WORK TASK: Drop every picture, then transcribe the remaining data exactly.

:: THE DATA ::

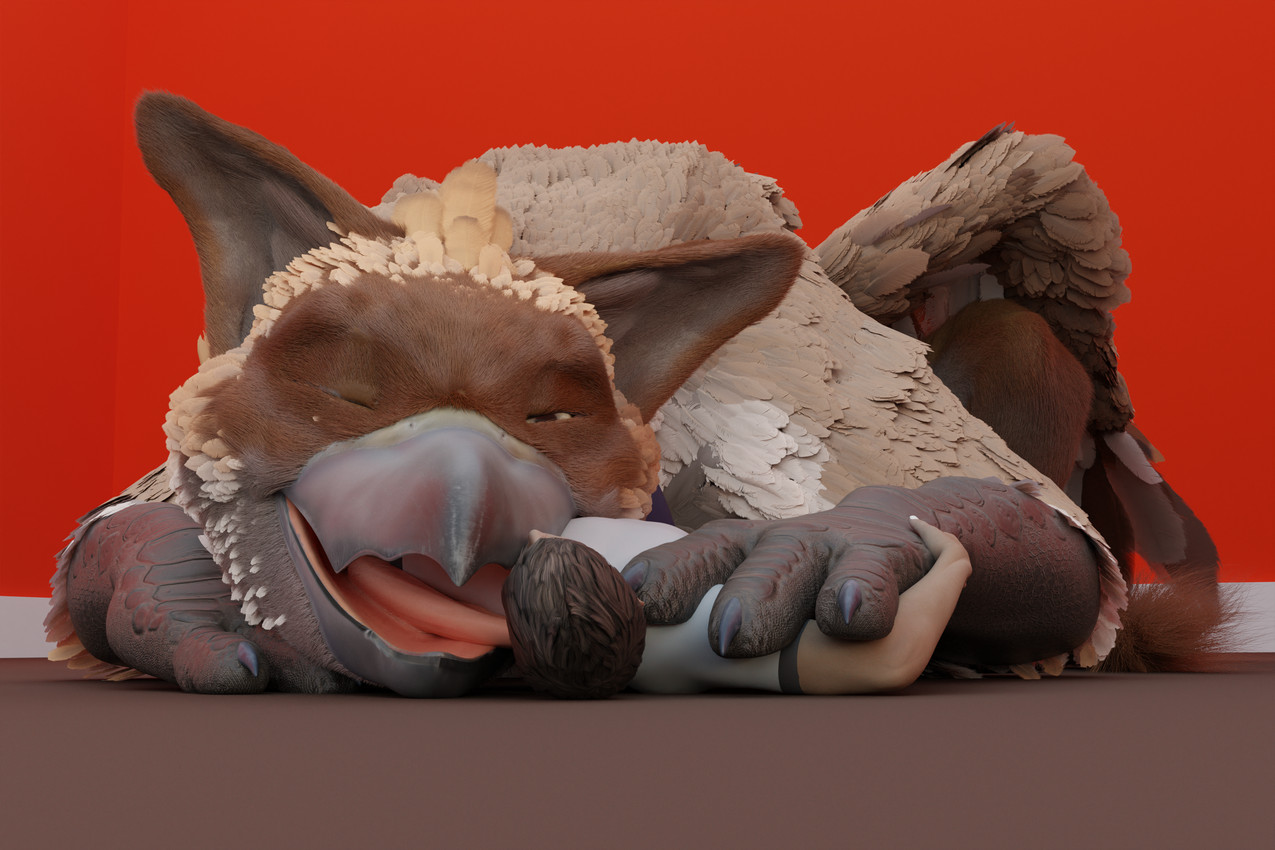 gryphon (mythology) created by racf92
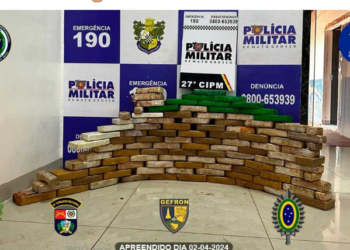 Ação conjunta apreende 107 tabletes de entorpecentes em região de fronteira de MT.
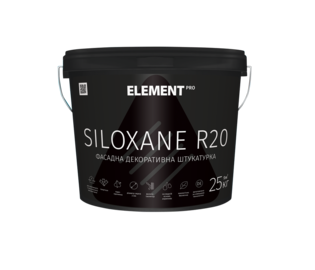 SILOXANE R20 ELEMENT PRO акрилова штукатурка 25кг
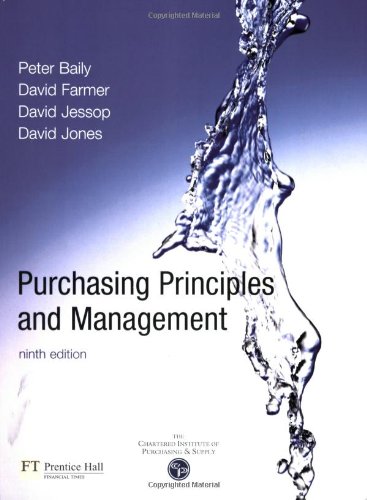Purchasing, Principles and Management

:::

COMPLETED TASK:
 gryphon (mythology) created by racf92
 Ação conjunta apreende 107 tabletes de entorpecentes em região de fronteira de MT.
 SILOXANE R20 ELEMENT PRO акрилова штукатурка 25кг
Purchasing, Principles and Management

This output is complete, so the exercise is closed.